As I’ve said before, I was able to assuage some of my fears about the diabetic diet by ignoring the recipes and focusing on ingredients. I thought about the fruits and vegetables I love to eat and then realized I could just combine flavors to get what I like.
One thing that I feel can really jazz up the diet is variety. For a long time in America, if someone said they were going to buy beans, you probably thought of canned baked beans or kidney beans, and probably not much else. These days, the international food aisle of even a modest local grocery store is going to give you multiple options, including some you may not have known even existed before.
I made this pyramid of beans to show the varieties that were available at my local grocery store in Charlottesville, VA. Most of the exotic types were from Goya, but I did have some other brands at my disposal for several of these types. I just grabbed what I saw first, but the Mayocoba beans are from Bush’s and the butter beans from Hanover.

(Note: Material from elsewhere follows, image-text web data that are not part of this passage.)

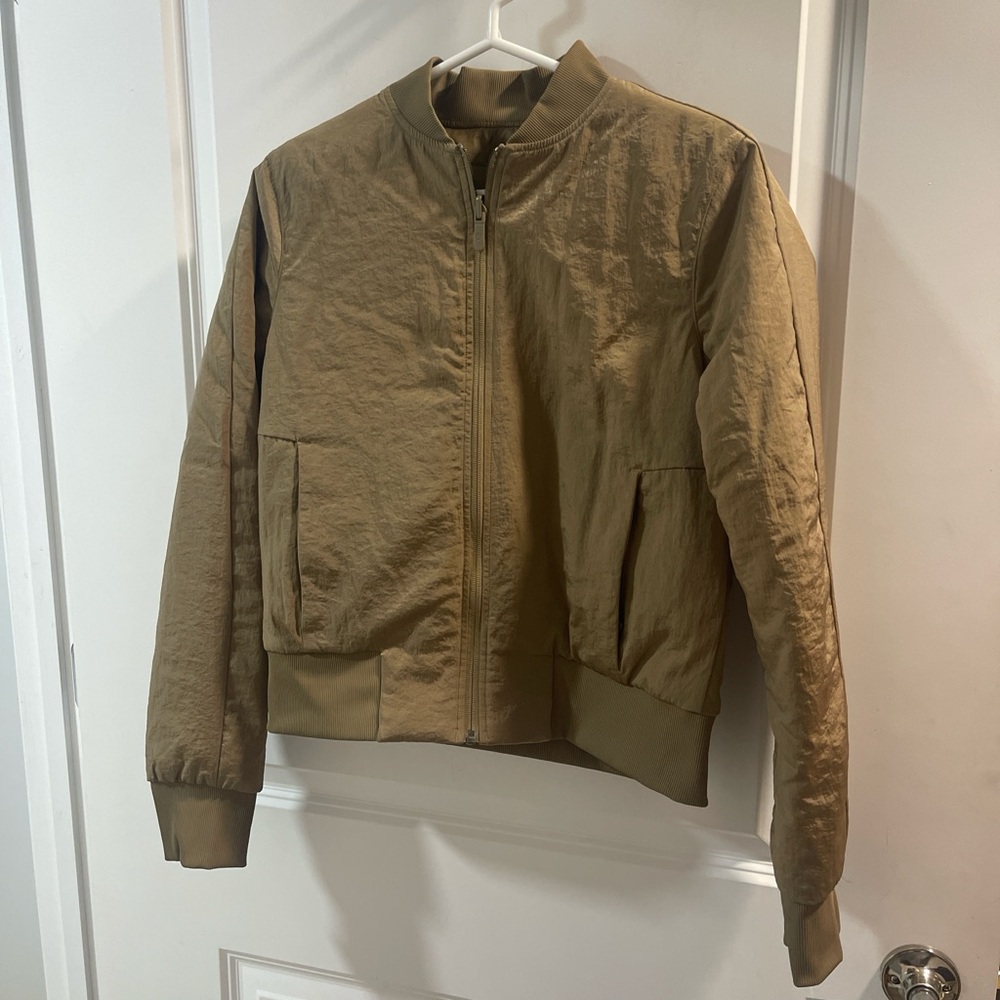 Lululemon Non Stop Reversible Bomber Jacket Size 6 Like New Condition - Picture 1 of 7
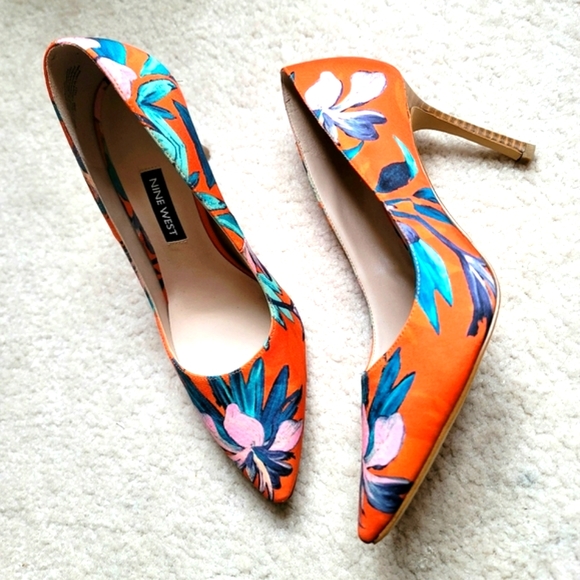 Nine West Moyen Women's Pointed Toe Floral Pumps Size 6 M - Picture 1 of 13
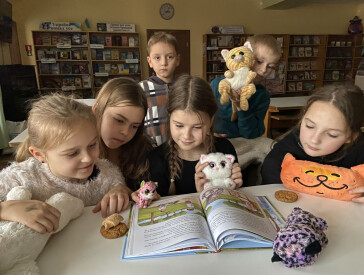 Теплі історії про кішок, дружбу й любов до читання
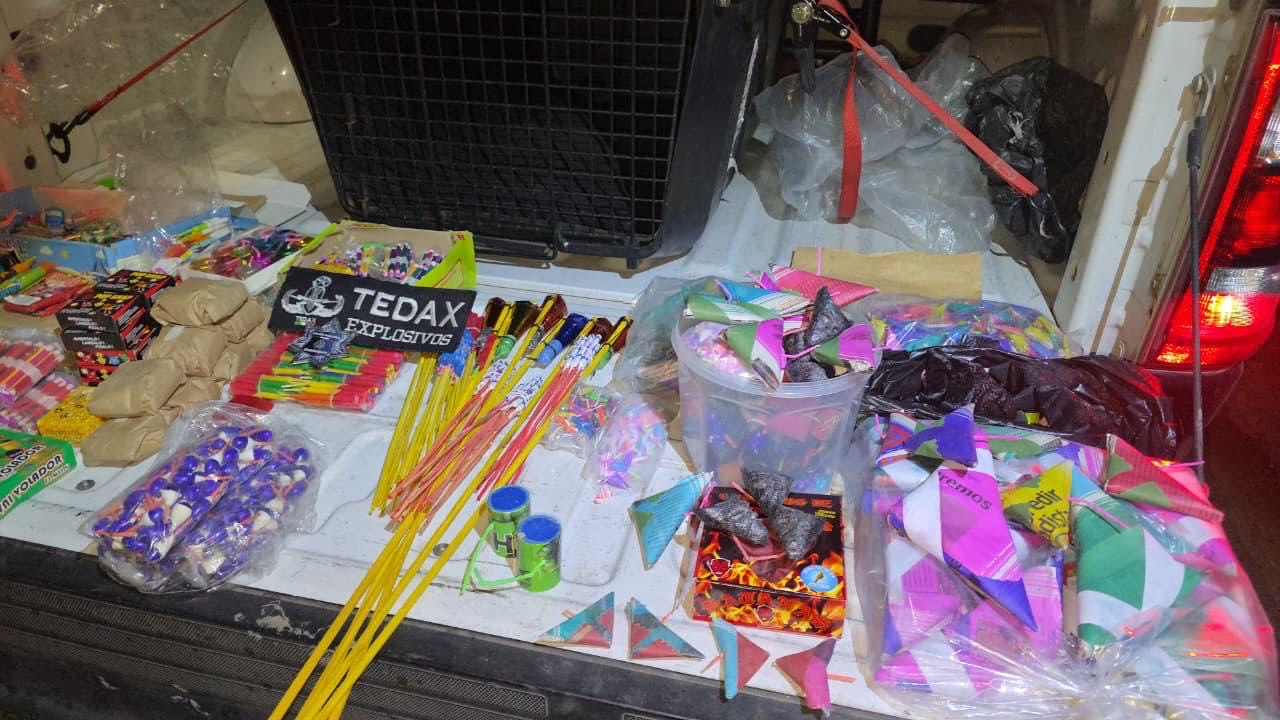 Aseguran 10 kilos de pirotecnia en Guadalajara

Beans generally don’t have any sugar to speak of, so they’re stars because of the load of fiber we get from eating them. One danger of canned beans is the sodium content, but I think you can ameliorate some of that right off the bat by washing the canning liquid off of them.
A caveat: I didn’t buy lentils because my parents’ hippie friends served them to me so often when I was a kid that I lost my taste for them. If you can still enjoy them, good on ya. I have no doubt they move the mail.
So, here are the fiber and sodium contents of the beans I found at my local grocery store.
Butter Beans: 5 g fiber, 390 mg sodium
Field Peas w/ Snaps: 9 g fiber, 180 mg sodium
Garbanzos: 7 g fiber, 360 mg sodium
White cannelini beans: 7 g fiber, 390 mg sodium
Red kidney beans: 8 g fiber, 350 mg sodium
Pinto beans: 8 g fiber, 360 mg sodium
Blackeye Peas: 5 g fiber, 380 mg sodium
Black beans: 6 g fiber, 460 mg sodium
Pigeon peas: 4 g fiber, 390 mg sodium
Mayocoba (Canary) beans: 7 g fiber, 290 mg sodium
I’ve never eaten field peas before — I actually bought them this time just so I’d have the widest variety possible — but they’re clearly the champion on high fiber and low sodium grounds. I don’t know how I’ll prepare them, but I look forward to experiencing what they will and won’t do to my system. I haven’t tried pigeon peas before, either, but they look like the biggest loser, with very little fiber but plenty of salt.
I plan to share how I end up using each can of beans. I already used the cannelini in the spinach, almond and cannelini salad I had for lunch yesterday.
Like I said, I just love having options. Even though I’d honestly rather be eating nachos or chinese food, there’s a real enjoyment to be had from getting creative with the variety of ingredients at hand.